Не всякий вспомнившийся эпизод, любопытный исторически, этнографически или автобиографически (и забавный в устном варианте), представляет законный материал для виньетки. Критериев отсеивания много, и я не берусь их сформулировать, но мне, как правило, более или менее ясно, есть ли в эпизоде что-то «мое», то есть, выражаясь нескромно, что-то, что именно мне стоит тревожиться описывать.

Кстати, о нескромности. В виньетках часто констатируют авторский «нарциссизм». Но авторство вещь вообще нескромная. Особенно нахальное занятие – мемуаристика, тем более – избранный мной кокетливый завиток этого жанра. Я действительно претендую не столько на протоколирование «фактов» (и тех намертво запомнившихся словечек, ради которых по большей части предпринимается рассказ), сколько на интересность собственного в них соучастия и их ретроспективного преподнесения. Последнее состоит среди прочего в словесной полировке, организации сюжетных рифм, отделке заголовков, реплик, концовок и т. п. Тем самым происходит дальнейшее отстранение от «правды», которая всячески эстетизируется, нарциссизируется, виньетизируется.

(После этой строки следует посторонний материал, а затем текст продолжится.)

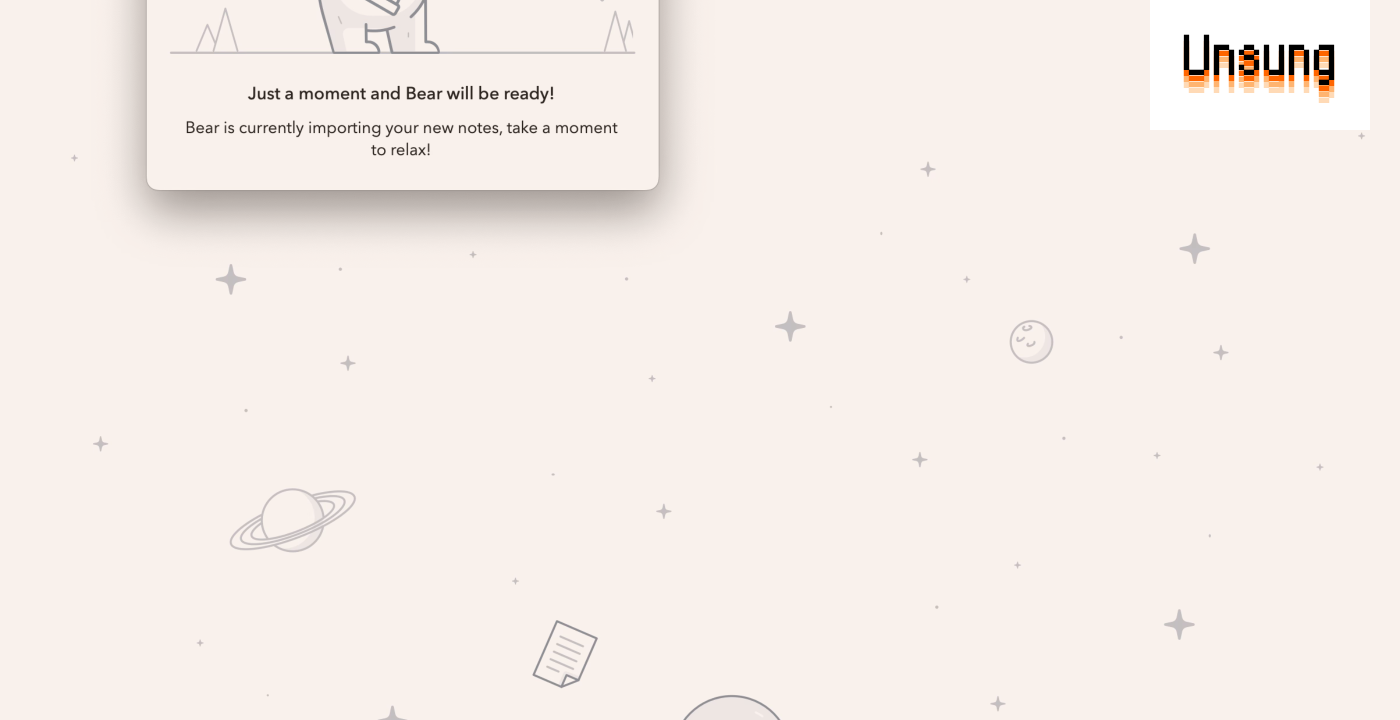 A tale of two import windows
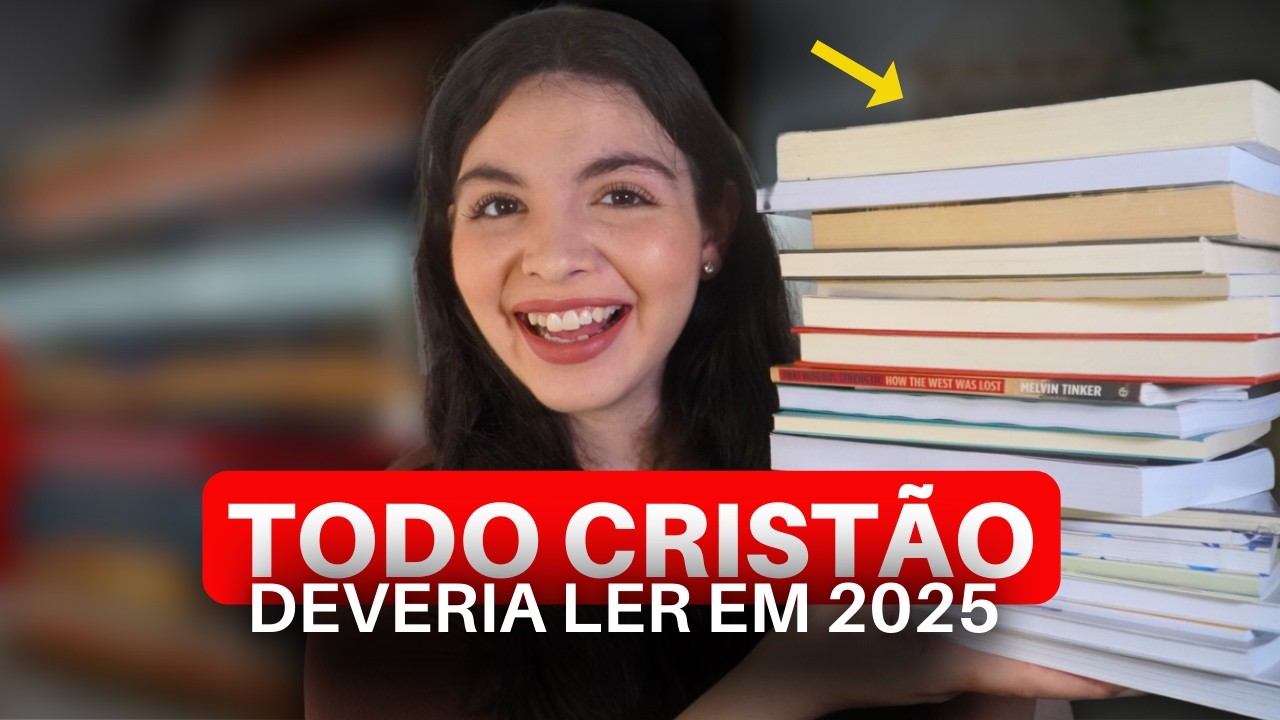 25 Livros Cristãos Para Ler em 2025 | Indicação de Livros Cristãos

Реванш она берет в другом. Главную «правду» виньеток я полагаю в самой решимости написать их – и написать так, как хочется. У меня есть знакомые, которые видели, помнят и могли бы рассказать гораздо больше и лучше, чем я. Могли бы, но не могут, во всяком случае публично. Боятся. Боятся занять позицию – идейную, стилистическую, самопрезентационную. Иными словами, боятся авторства. Авторский имидж служит не только формальным приемом, но и той кариатидой, которая подпирает в конечном счете все здание, сама же держится мышечным усилием реального автора. Нужда в усилиях становится ощутимой, когда друзья вдруг единодушно ополчаются против какой-нибудь особенно рискованной виньетки, мотивируя это, разумеется, формальными соображениями («не в вашем стиле»).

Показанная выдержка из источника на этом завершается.